Pride

03/07/2021

Pride is often driven by poor self-worth and shame. We feel so badly about ourselves that we compensate by feeling superior. We look for others' flaws as a way to conceal our own. We relish criticizing others as a defense against recognizing our own shortcomings

Pride gives others that feeling with its "better than you" implications. Humility has the opposite effect. If you put others above yourself, they'll feel good whenever they're around you.


So let's talk about the problem of pride. The first and biggest problem with pride is that God hates it.

Proverb 16:5 says, "The Lord detests all the proud of heart. Be sure of this: They will not go unpunished."

There are few things the Bible talks about God hating, but God's hate for pride is repeated several times in the Scriptures.

God not only hates pride, but he actively opposes it. "God opposes the proud but gives grace to the humble."- James 4:6

The reason God hates pride is because the proud person tries to displace God. Pride, at its core, is idolatry of self. A proud person has put himself or herself in God's place. Pride is when you try to take God's place. And God will not share his glory with another. God hates pride.

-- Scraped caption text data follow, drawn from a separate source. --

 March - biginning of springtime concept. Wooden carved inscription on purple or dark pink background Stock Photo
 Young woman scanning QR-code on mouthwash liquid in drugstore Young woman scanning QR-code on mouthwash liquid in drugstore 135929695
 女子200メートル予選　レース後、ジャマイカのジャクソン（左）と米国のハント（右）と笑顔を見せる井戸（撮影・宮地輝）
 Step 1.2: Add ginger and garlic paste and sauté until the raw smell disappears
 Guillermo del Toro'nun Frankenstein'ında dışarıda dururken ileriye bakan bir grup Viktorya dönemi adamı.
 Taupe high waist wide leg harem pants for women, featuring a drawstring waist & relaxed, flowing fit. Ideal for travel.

If we have pride in our lives, we may find the following symptoms:


1. Fault-Finding

While pride causes us to filter out the evil we see in ourselves, it also causes us to filter out God's goodness in others. We sift them, letting only their faults fall into our perception of them.

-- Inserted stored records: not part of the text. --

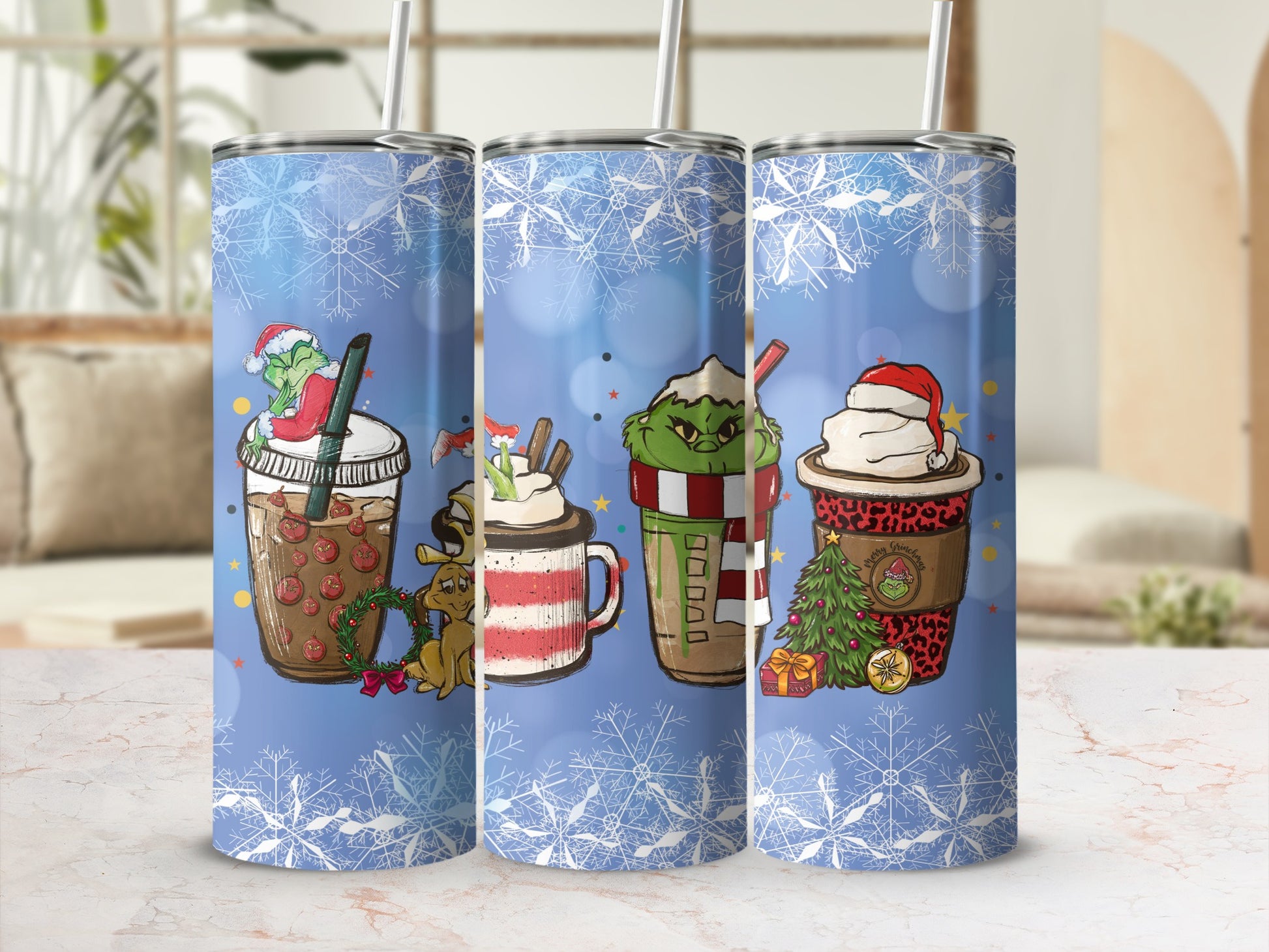 Three Grinch-themed insulated tumblers with holiday designs and snowflakes.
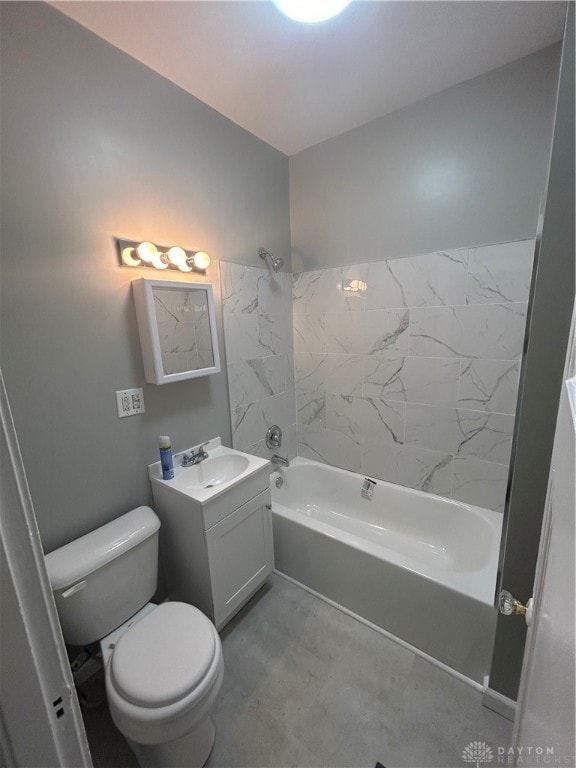 full bathroom featuring tiled shower / bath, vanity, and toilet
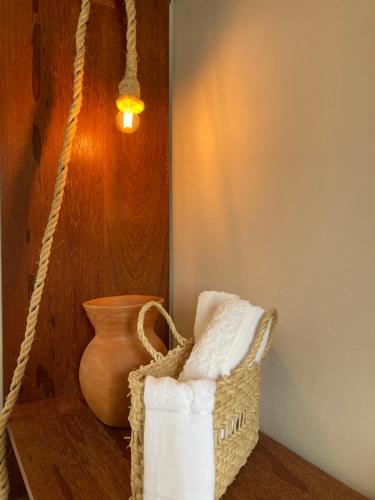 a basket with towels and a vase on a table at Trancoso Suíte Center Braga in Trancoso
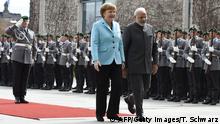 14.04.2015+++ German Chancellor Angela Merkel and Indian Prime Minister Narendra Modi inspect an honor guard before talks at the Chancellery in Berlin April 14, 2015. AFP PHOTO / TOBIAS SCHWARZ (Photo credit should read TOBIAS SCHWARZ/AFP/Getty Images)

When I'm sitting in a sermon or studying a passage, it's pride that prompts the terrible temptation to skip the Spirit's surgery on my own heart and instead draft a mental blog post or plan a potential conversation for the people who "really need to hear this."


2. A Harsh Spirit

Those who have the sickness of pride in their hearts speak of others' sins with contempt, irritation, frustration, or judgment. Pride is crouching inside our belittling of the struggles of others. It's cowering in our jokes about the 'craziness' of our spouse. Christians who are but fellow-worms ought at least to treat one another with as much humility and gentleness as Christ treats them.


3. Superficiality

When pride lives in our hearts, we're far more concerned with others' perceptions of us than the reality of our hearts. We fight the sins that have an impact on how others view us, and make peace with the ones that no one sees. We have great success in the areas of holiness that have highly visible accountability, but little concern for the disciplines that happen in secret.


4. Defensiveness

Those who stand in the strength of Christ's righteousness alone find a confident hiding place from the attacks of men and Satan alike. True humility is not knocked off balance and thrown into a defensive posture by challenge or rebuke, but instead continues in doing good, entrusting the soul to our faithful Creator.


5. Presumption Before God

Humility approaches God with humble assurance in Christ Jesus. If either the "humble" or the "assurance" are missing in that equation, our hearts very well might be infected with pride. Some of us have no shortage of boldness before God, but if we're not careful, we can forget that he is God.


6. Desperation for Attention

Pride is hungry for attention, respect, and worship in all its forms.

Maybe it sounds like shameless boasting about ourselves. Maybe it's being unable to say "no" to anyone because we need to be needed. Maybe it looks like obsessively thirsting for marriage - or fantasizing about a better marriage - because you're hungry to be adored. Maybe it looks like being haunted by your desire for the right car or the right house or the right title at work: all because you seek the glory that comes from men, not God.


7. Neglecting Others

Pride prefers some people over others. It honors those who the world deems worthy of honor, giving more weight to their words, their wants, and their needs. There's a thrill that goes through me when people with "power" acknowledge me. We consciously or unconsciously pass over the weak, the inconvenient, and the unattractive, because they don't seem to offer us much.


Maybe more of us struggle with pride than we thought.